Advent is a casualty of the secularisation of our society. For many people its arrival seems to have been marked by the urge to worship Mammon; at the garage this morning, paying for the petrol took longer than usual, apparently because so many people were using their debit and credit cards for ‘cyber Monday’. Already the invitations for Christmas parties are here, and the general thrust of the season seems to be towards excess and self-gratification; that may not, of course, be much more than an intensification of business as normal. So how do we retrieve Advent?
In the Church tradition there is about it something of the penitential. It is not, as Lent is, a memorial to a period in the wilderness, but rather one in which we wait with baited breath for the feast of the Nativity, and if we have already eaten our fill before than arrives, then the feast itself becomes nothing more than an occasion for avarice and gluttony; again, business as usual for our society here in the West.
This, it seems to me, gives us one clue to how we might proceed: eschewing, as far as we can, a concentration on these things, and instead, finding a bit more time for God. Conscious as I am that despite the wish to, I give Him less time than I should, I am also conscious of the reasons for that, and the fact they will not go away. So my task is to make the time, to find some points in the day when I can say a prayer, or spend longer when I pray the Rosary, or to read something more edifying than the newspapers. Small things, but even the effort of making them is good for me.

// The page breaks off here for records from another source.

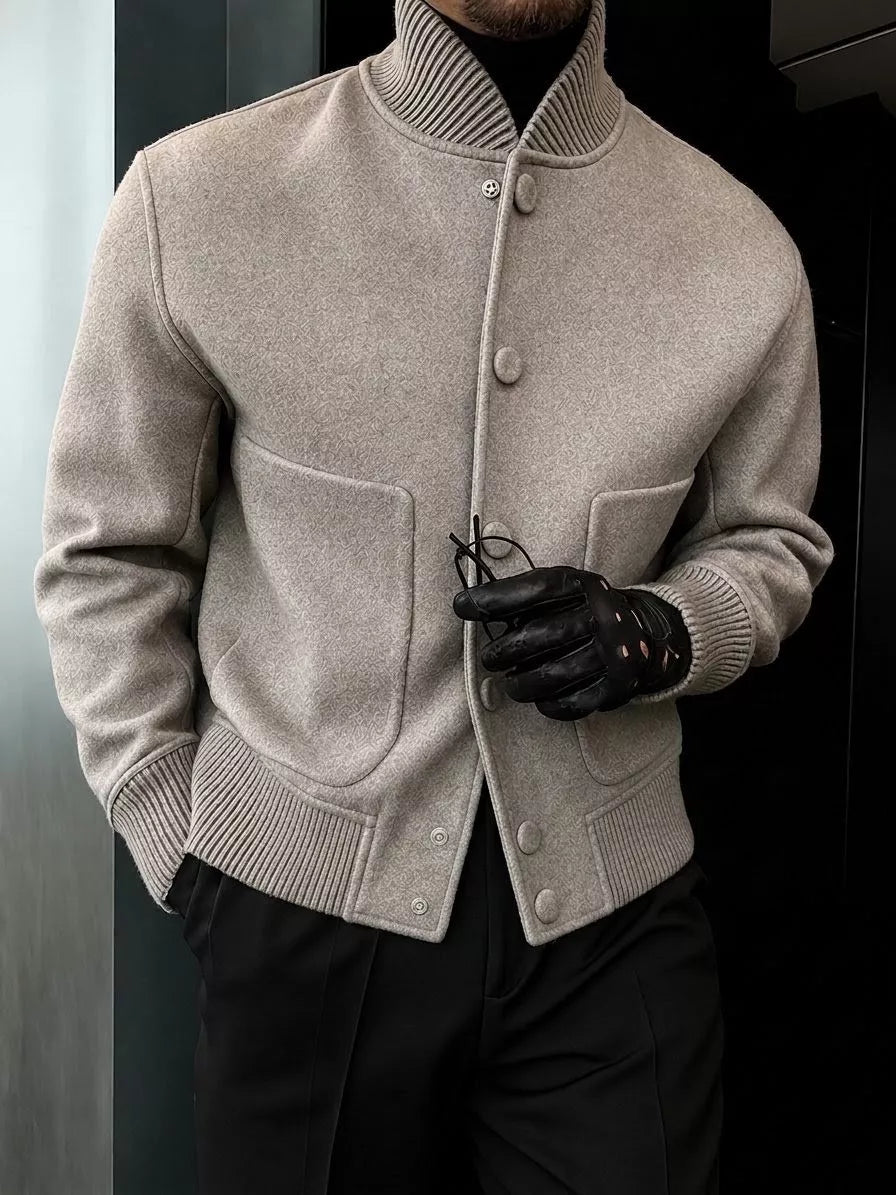Men's Wool Blend Bomber Jacket | Ribbed Collar - Alex Shogun Men's Clothes
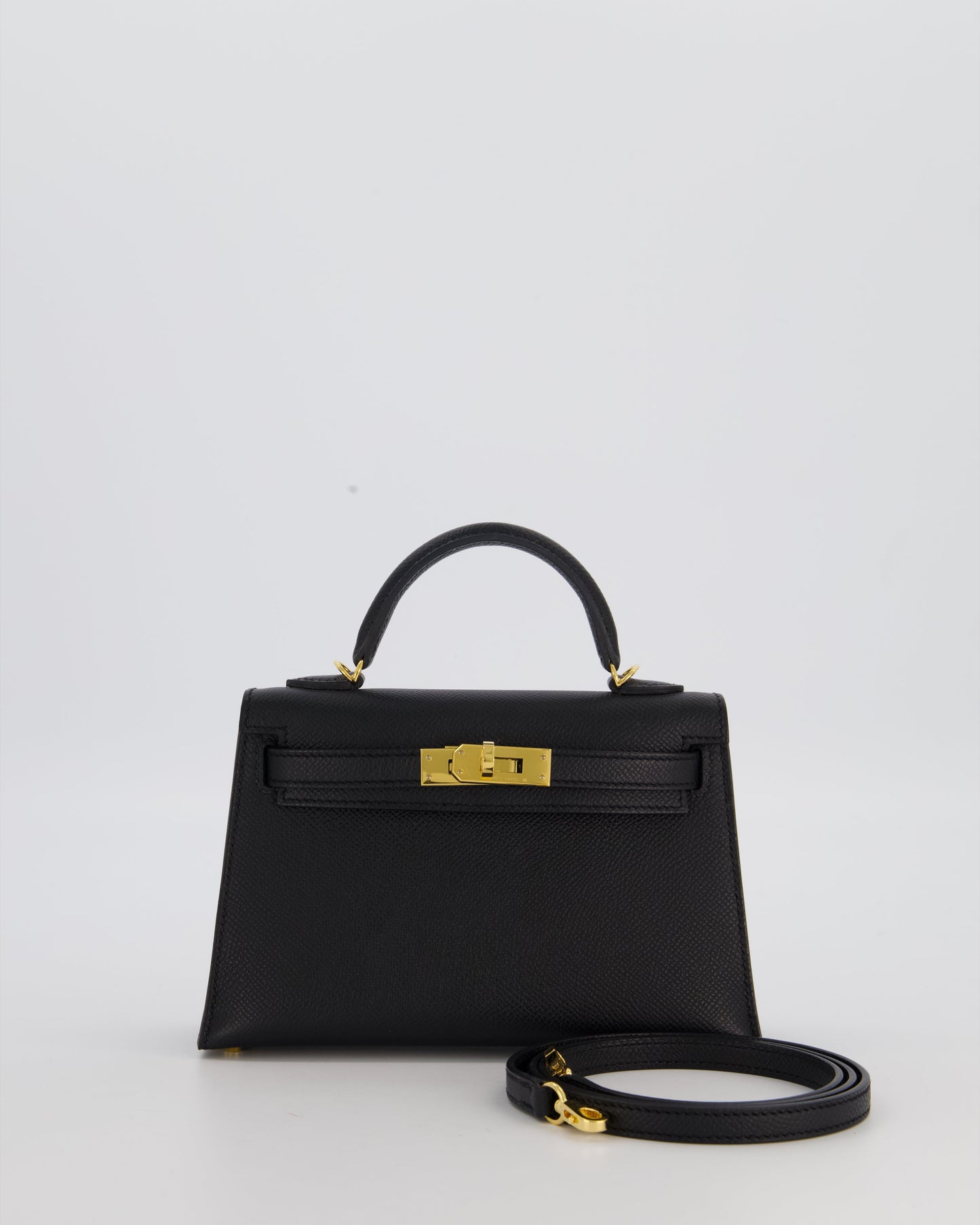 Hermès Mini Kelly II Sellier Bag Black Epsom Leather with Gold Hardware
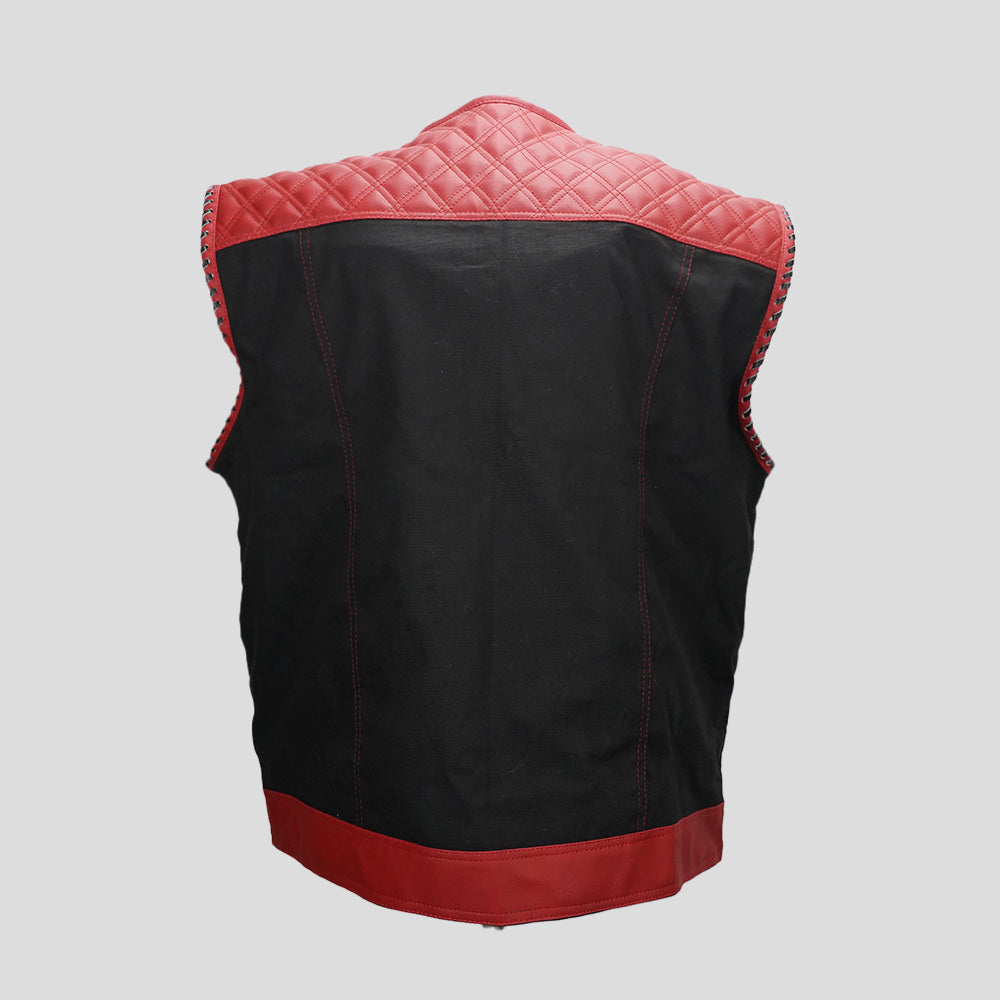 Men's club style leather vest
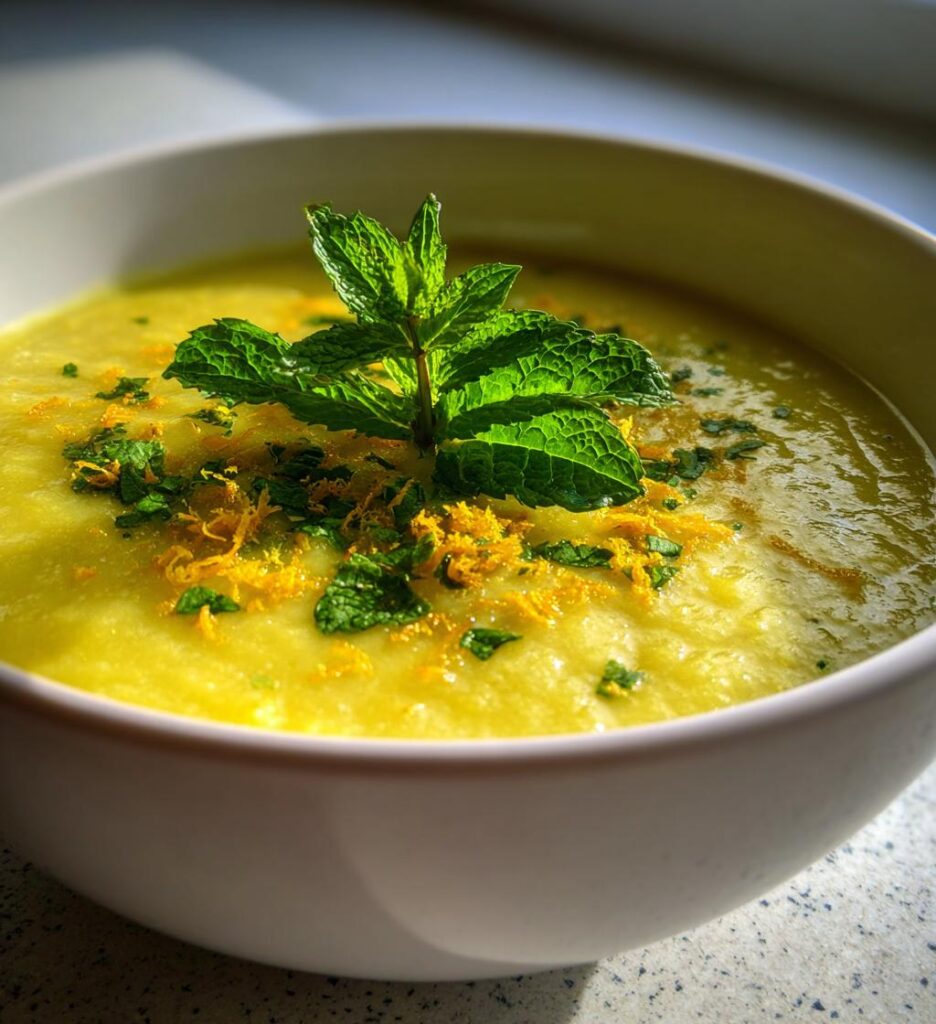 Ærtesuppe med mynte og citronskal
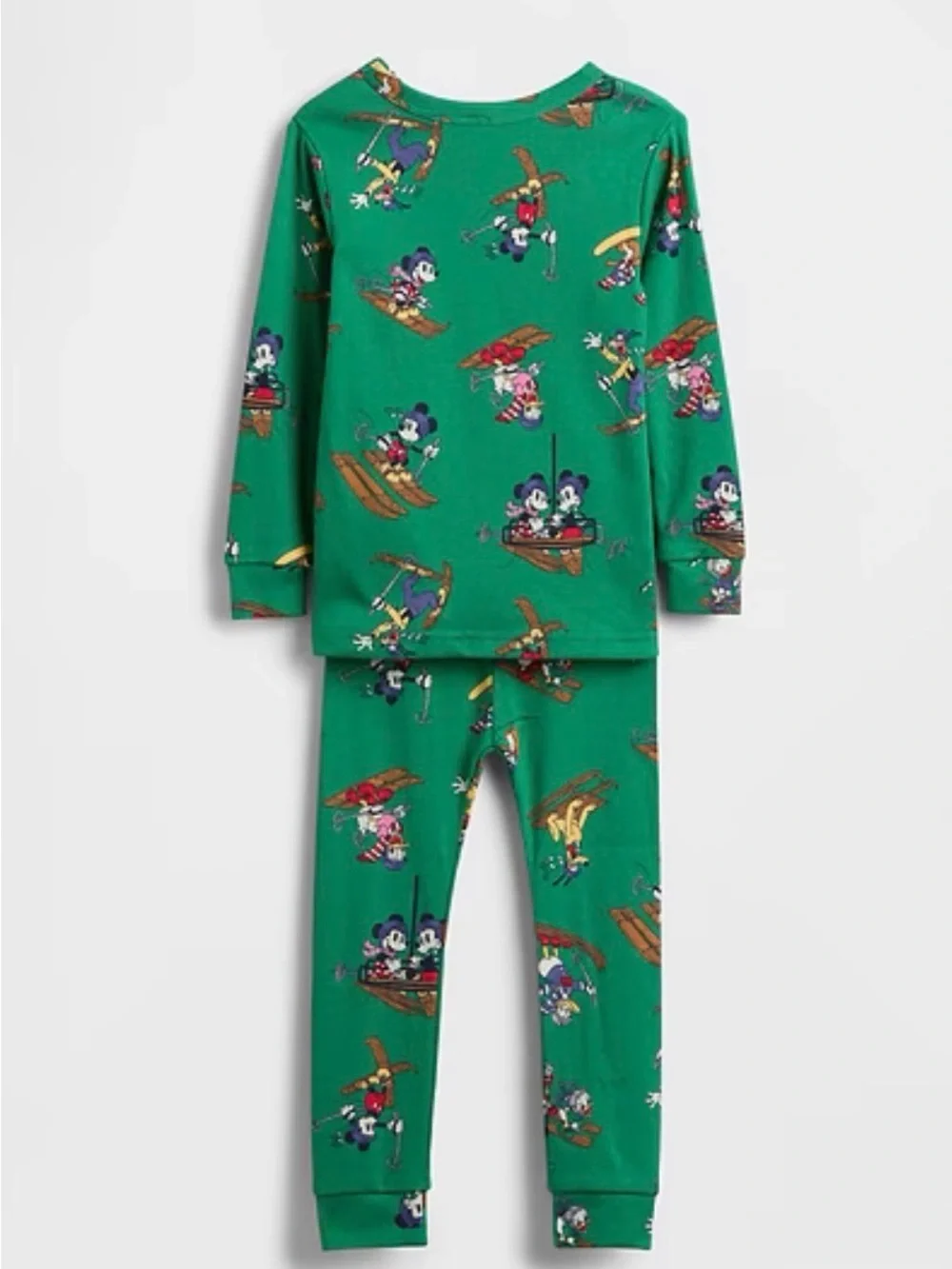Disney Green Mickey & Friends Skiing Pajama Set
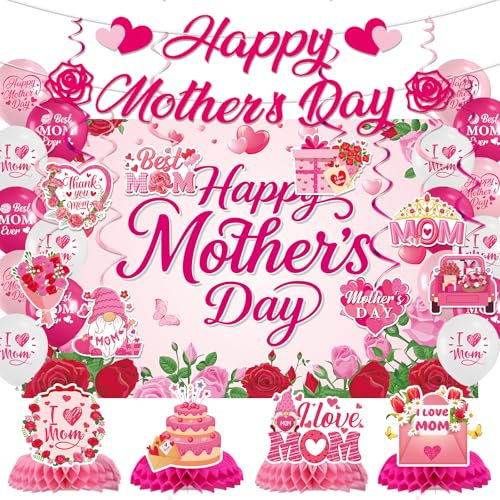 Wxiben Happy Mothers Day Party Decorations, 33PCS Mother's Day Decoration Set with Banners Hanging Swirls Honeycomb Centerpieces, Thank You Mom Backdrop Balloons Decor Supplies for Home Office (Pink)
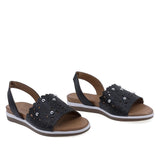 Sandale damă Anna Viotti D45-2653 negre din piele naturală, cu design casual și confortabil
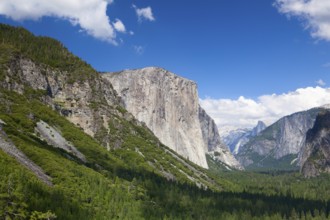 The typical view of the Yosemite Valley from the tunnel entrance to the Valley. Yosemite National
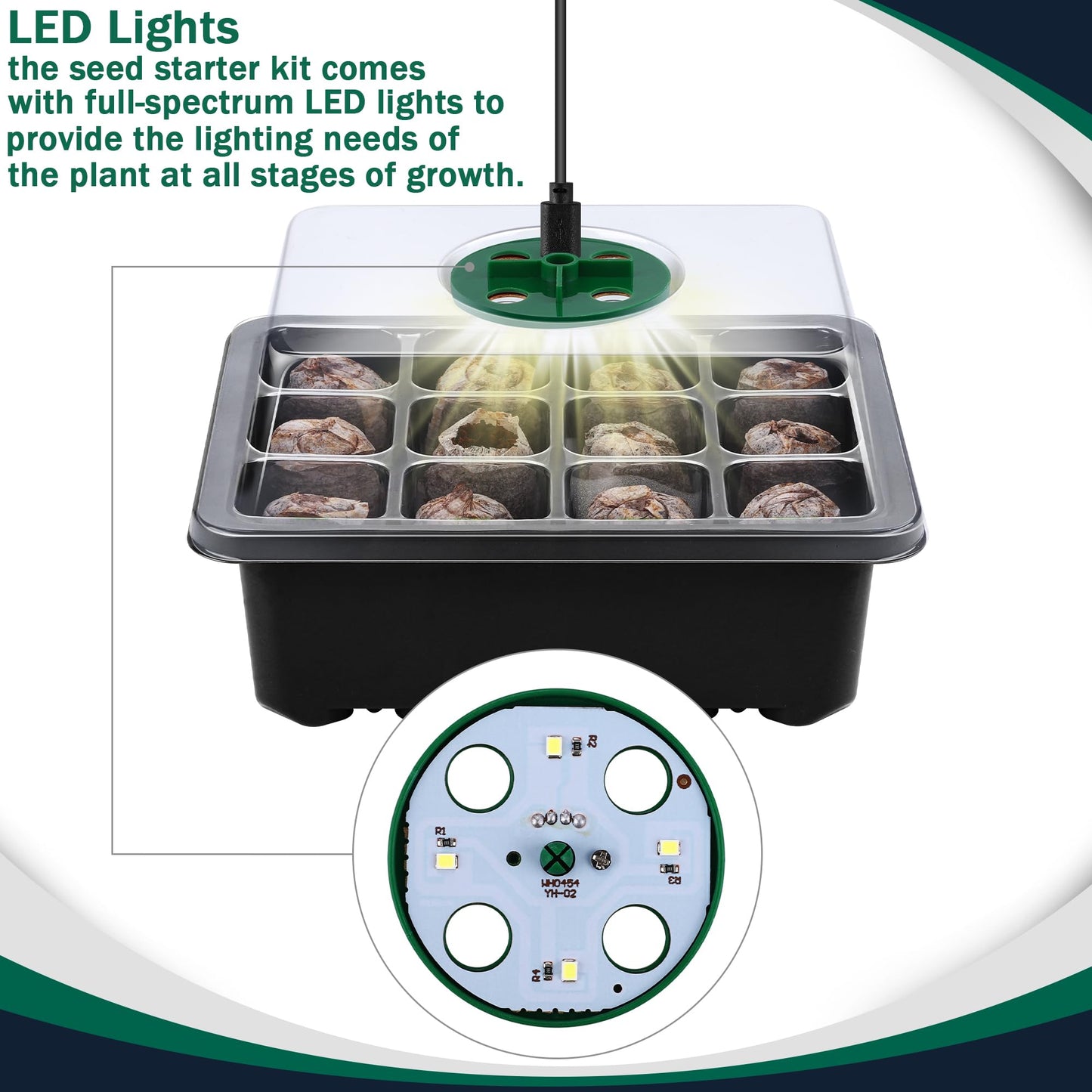Hahood 6 Pack Seed Starter Tray Kit with Grow Light and Humidity Dome Germination Trays with 72 Peat Pellets, Plant Labels, Gardening Tools, Plant Growing Trays for Seeds Growing Starting, Black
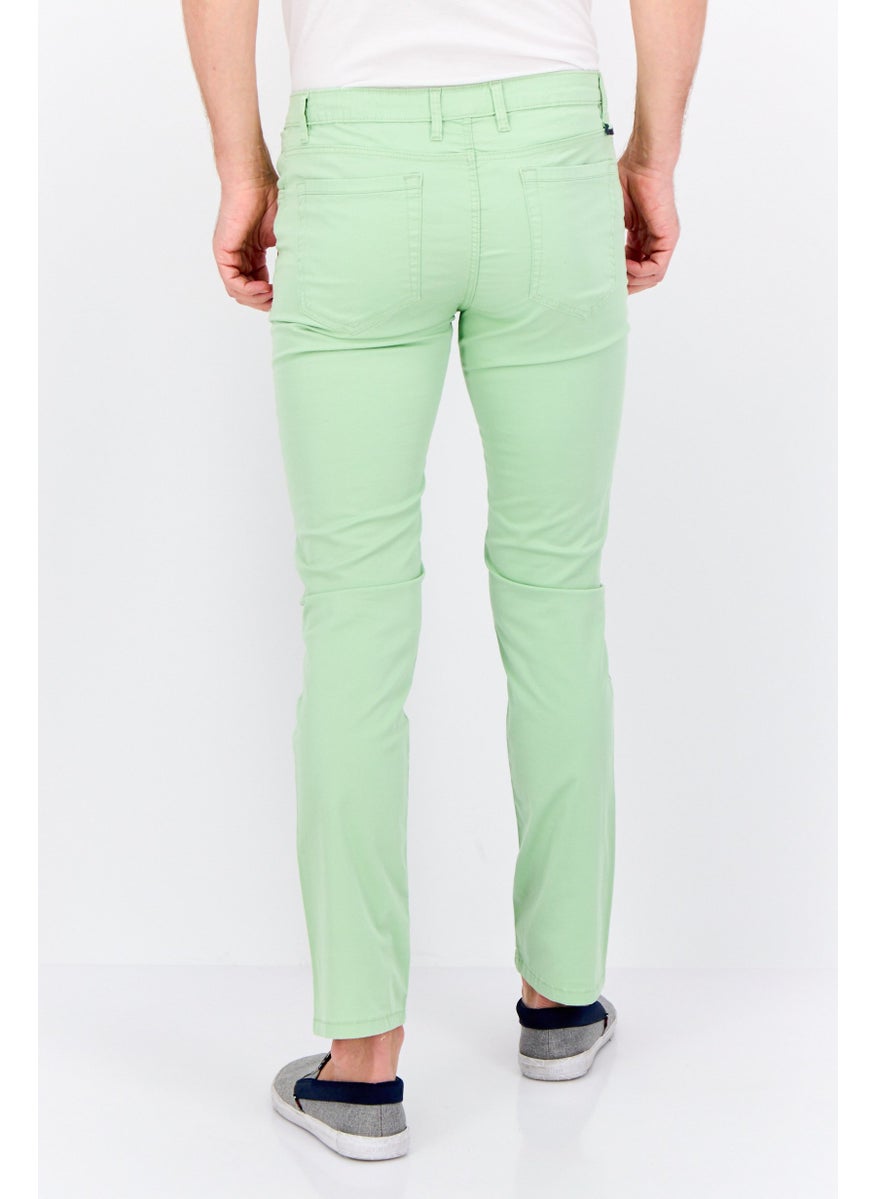 Men Regular Fit Solid Chino Pants, Mint Green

I am mindful of that passage from Matthew 8:5-11 used in the Mass where we say we are not worthy that Jesus should enter under our roof, but if he will only say the word, ‘my soul shall be healed’. It is a remind to us that Christ is the physician for what ails us, and that what ails us is a sickness of the spirit. We shall not find healing in the acquisition of material goods, nor in the things of this world; we shall find them in Christ alone. The Centurion showed a faith Christ had not found in Israel, and perhaps a faith not found too often anywhere.
We are, in this Advent season, journeying to Bethlehem, and as we do so, let us bear in mind that although the people of Israel would not have thought so, Christ came not simply to save them, but to save us all – Gentiles too. As we journey, we can bear in mind the three Wise Men who also travelled from far lands. They did not know what lay ahead of them, but they had faith they would find the Christ child; can we do any less?